Lancé en mars 2009, le Front de gauche « vise à rassembler l'ensemble des forces qui entendent promouvoir une véritable politique de gauche ». Au départ, il s'agit d'une simple alliance électorale qui regroupe, outre le PCF – disposant d'un important réseau d'élus et de militants –, le jeune PG et la Gauche unitaire (GU), issue de la LCR. Lancée lors des élections européennes de juin 2009, la coalition est reconduite aux élections régionales de l'année suivante, puis lors des cantonales de 2011, mais selon des modalités d'alliance variables selon les configurations locales. Elle débouche finalement sur un accord pour les élections de 2012 : le PCF, qui accepte d'investir un non-communiste à la présidentielle, obtient en échange que la grande majorité des candidatures aux législatives soient portées par ses militants. Cette alliance s'appuie sur un « programme partagé » présenté lors de la Fête de L'Humanité de septembre 2011. Comme le « programme commun » de 1981 entre le PS et le PCF, il sera publié sous la forme d'un petit livre largement diffusé . « Tout cela ne s'est pas fait sans difficulté, précise Mme Buffet. Comme chaque fois qu'on construit une démarche unitaire. Mais ça a marché. » D'autres petites formations se sont jointes au mouvement .
Election présidentielle oblige, le choix d'une personnalité capable d'affronter le tumulte médiatique se révèle essentiel. Ancien sénateur socialiste, ancien ministre de l'enseignement professionnel dans le gouvernement de M. Lionel Jospin, député européen, M. Mélenchon est un homme politique d'expérience. Débatteur redouté, il s'est d'abord fait connaître du grand public par une attitude résolument frondeuse à l'égard des vedettes du journalisme qui se comportent en gardiennes de l'ordre néolibéral. Ses discours insistent sur les rapports de forces économiques et sur l'urgence de défendre les « sans grade » contre les « belles personnes », le « peuple » contre les « puissants ». Ils dessinent également un récit social cherchant à réaliser une « synthèse idéologique » des diverses sensibilités de la gauche (la solidarité, la fraternité, l'égalité), ainsi que des valeurs de la République et de la Révolution française.
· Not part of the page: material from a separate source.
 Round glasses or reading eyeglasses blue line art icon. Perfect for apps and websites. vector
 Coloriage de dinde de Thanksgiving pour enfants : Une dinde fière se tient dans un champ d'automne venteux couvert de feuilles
Mais si le Front de gauche est parvenu à impulser une dynamique, c'est aussi grâce à la force d'une mobilisation à même d'engager un travail de terrain. Dans l'Aube, l'entente entre les militants s'est réalisée sans difficulté. Beaucoup se connaissaient de longue date. « On peut se parler avec franchise et régler ainsi nos désaccords », dit Mme Mireille Brouillet, enseignante à la retraite et responsable du PG dans le département. Le mouvement compte aussi des militants venus du NPA. Pour M. Denis Canton, syndicaliste, « il réussit là où le NPA a échoué. Tandis que ce parti cherchait à agréger des militants sur un projet politique fermé, le Front de gauche agrège des partis sur un projet politique ouvert ».
Un projet susceptible d'attirer des citoyens non encartés, comme M. Alain Moustier, jeune informaticien venu à la gauche à la suite d'une prise de conscience écologiste. « Je n'avais jamais vu une offre pareil », confie-t-il. Il a rejoint l'Association citoyenne pour une dynamique Front de gauche dans l'Aube, qui permet de rassembler des citoyens sans en passer par l'adhésion partisane. Le militantisme traditionnel (collage d'affiche, tracts) se mêle ainsi à des formes innovantes, telle la constitution de divers « Fronts » destinés à nouer des liens avec des secteurs particuliers de la société : le « Front des luttes » rassemble par exemple les salariés qui se battent pour empêcher la fermeture de leur usine.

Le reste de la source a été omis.